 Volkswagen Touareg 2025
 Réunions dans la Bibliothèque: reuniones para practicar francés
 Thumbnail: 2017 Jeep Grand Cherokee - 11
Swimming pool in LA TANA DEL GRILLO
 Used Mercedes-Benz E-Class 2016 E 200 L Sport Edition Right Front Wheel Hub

--

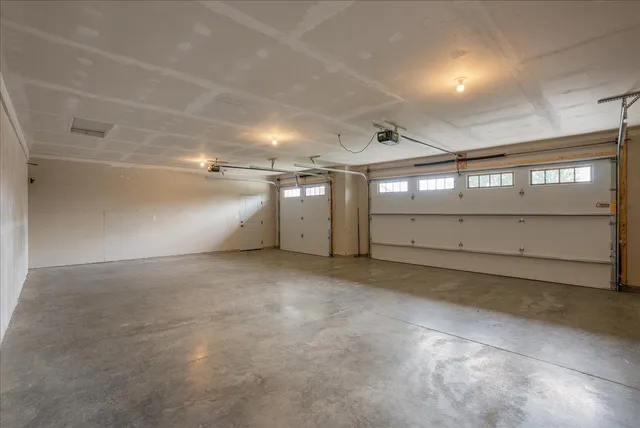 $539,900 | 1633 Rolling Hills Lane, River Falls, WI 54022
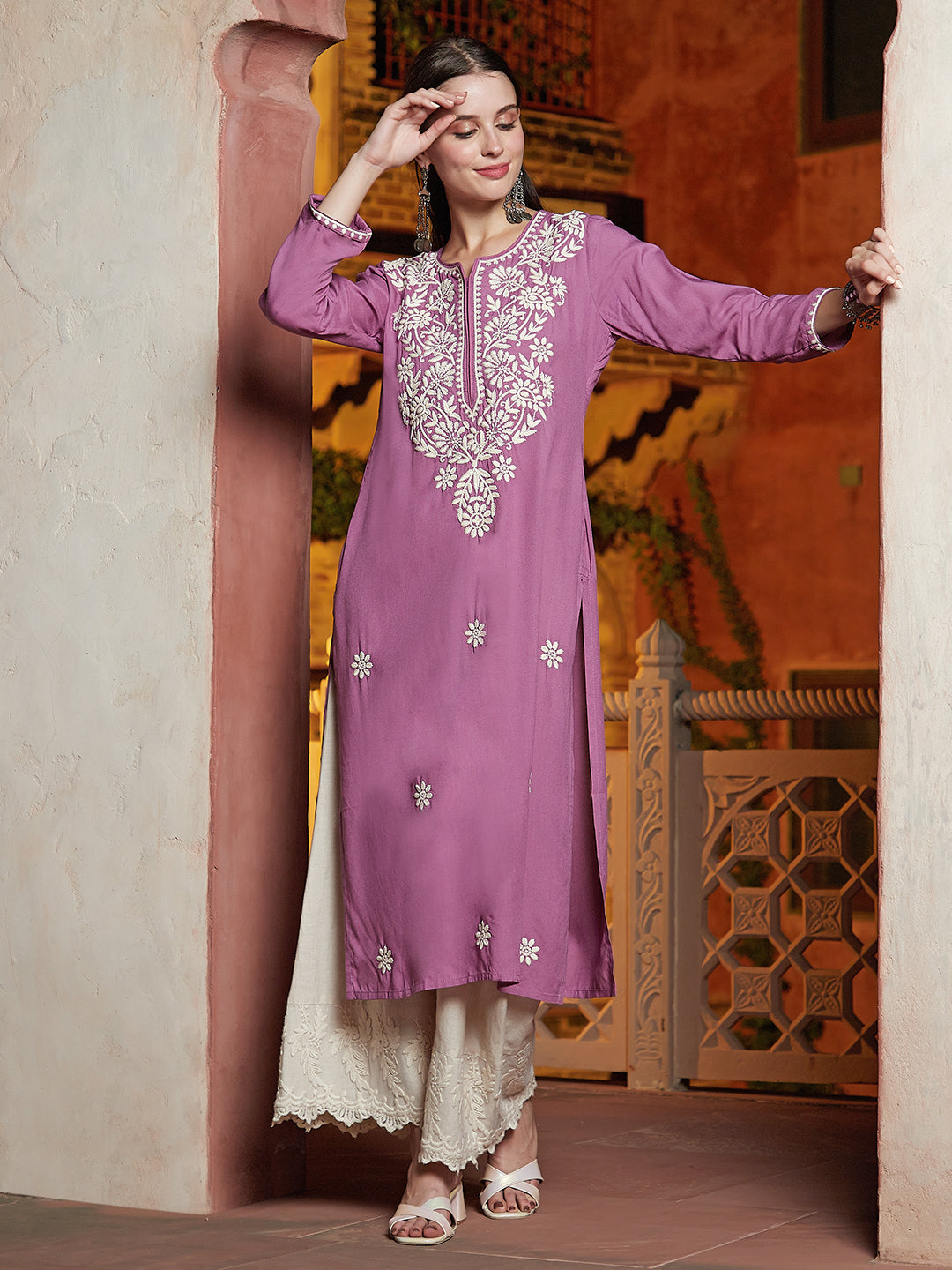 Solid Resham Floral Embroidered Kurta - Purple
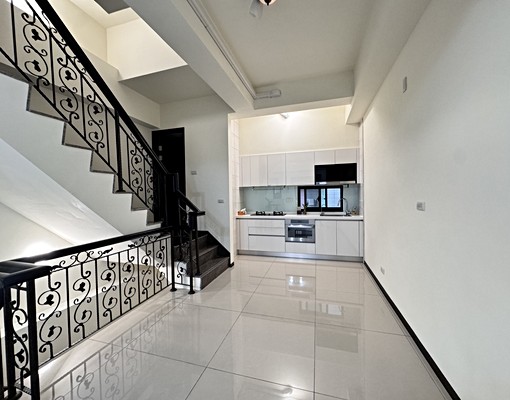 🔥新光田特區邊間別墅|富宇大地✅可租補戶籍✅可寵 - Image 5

Exercise:
Take the line above containing "Volkswagen Touareg 2025", the line containing "Used Mercedes-Benz E-Class", and all lines in between, and copy them exactly without anything else.

Answer to this problem:
 Volkswagen Touareg 2025
 Réunions dans la Bibliothèque: reuniones para practicar francés
 Thumbnail: 2017 Jeep Grand Cherokee - 11
Swimming pool in LA TANA DEL GRILLO
 Used Mercedes-Benz E-Class 2016 E 200 L Sport Edition Right Front Wheel Hub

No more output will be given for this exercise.